El problema del “brillo excesivo”
La mayoría de las lámparas de infrarrojos convencionales son muy brillantes. Emiten una luz intensa que resulta molesta, como si estuviéramos mirando directamente hacia un foco de luz. Eso no es lo que queremos.
En lugar de eso, ajustamos el espectro de luz. Hacemos que la luz sea más suave y cálida, filtrando así esa luz ultravioleta y esa luz visible de alta energía. El resultado es un resplandor suave y cálido, en lugar de un haz de luz intenso, como el de un láser. Así, la piel recibe el calor necesario, pero las retinas quedan protegidas.
Protegerse del agua
Los baños están siempre húmedos. Por eso utilizamos carcasas con clasificación IP55. Eso significa que hemos sellado las conexiones eléctricas y utilizado pantallas de vidrio templado para evitar que el polvo y el agua lleguen a los componentes internos. El vidrio también sirve para filtrar la luz antes de que llegue a la habitación.
El sacrificio necesario
El problema es que, al reducir la intensidad de la luz para proteger los ojos, perdemos ese efecto de calor instantáneo que se obtiene con los calentadores industriales. Se necesitan unos segundos más para sentir realmente el calor.
Para solucionarlo, invertimos mucho tiempo en diseñar la geometría del reflector. Lo hemos diseñado de tal manera que el calor se dirige directamente hacia abajo, así no hay que esperar tanto para sentir el calor.

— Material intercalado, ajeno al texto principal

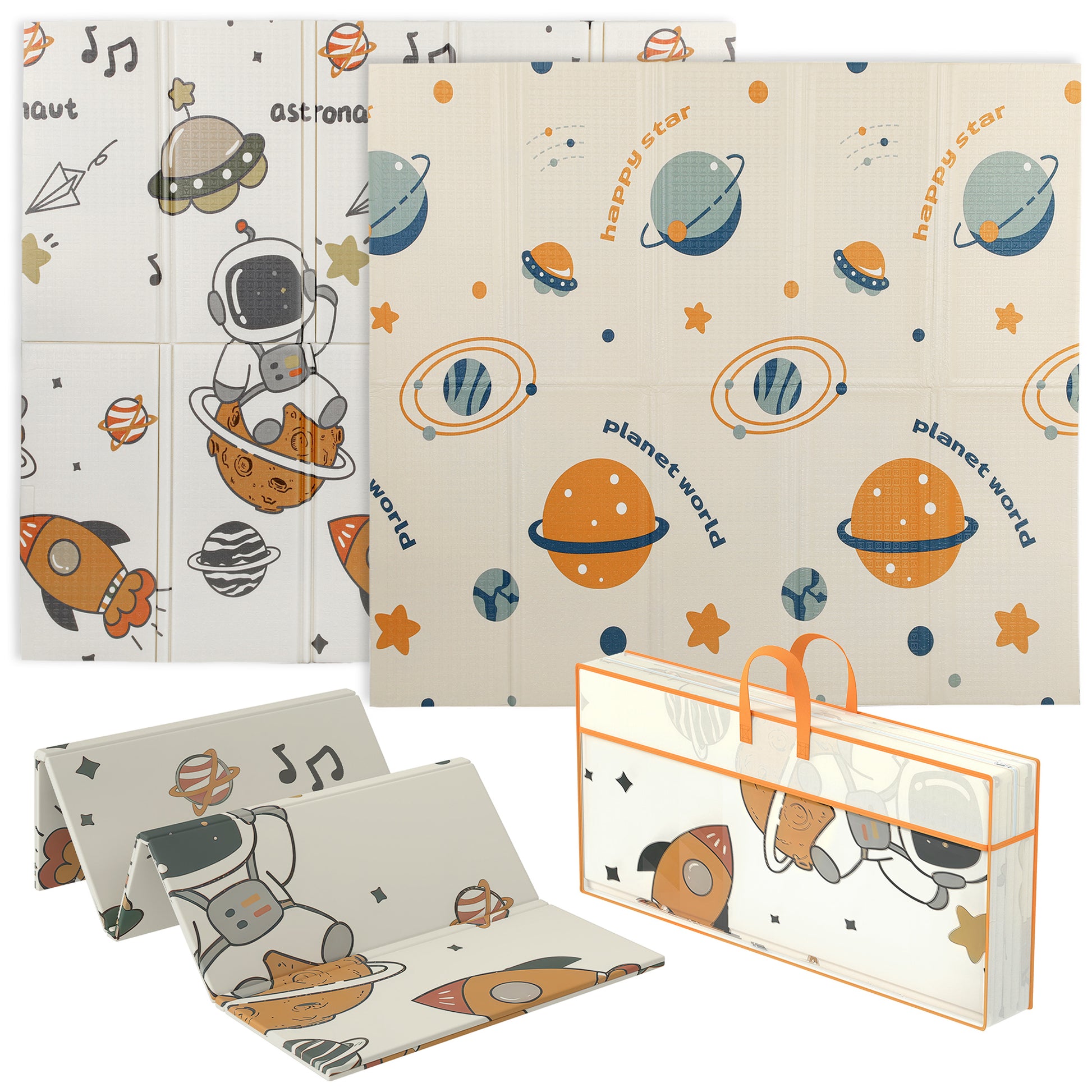 Baby Play Mat, Double Sideded Foldable Kids Crawling Mat (1)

Un consejo importante sobre la instalación: no coloquen estos calentadores en espacios cerrados y sin ventilación. Si la carcasa no puede respirar, acumulará calor y podría activarse el mecanismo de seguridad. Estos calentadores están diseñados para funcionar en entornos húmedos y caóticos como los baños familiares, pero aún así necesitan algo de espacio para funcionar correctamente.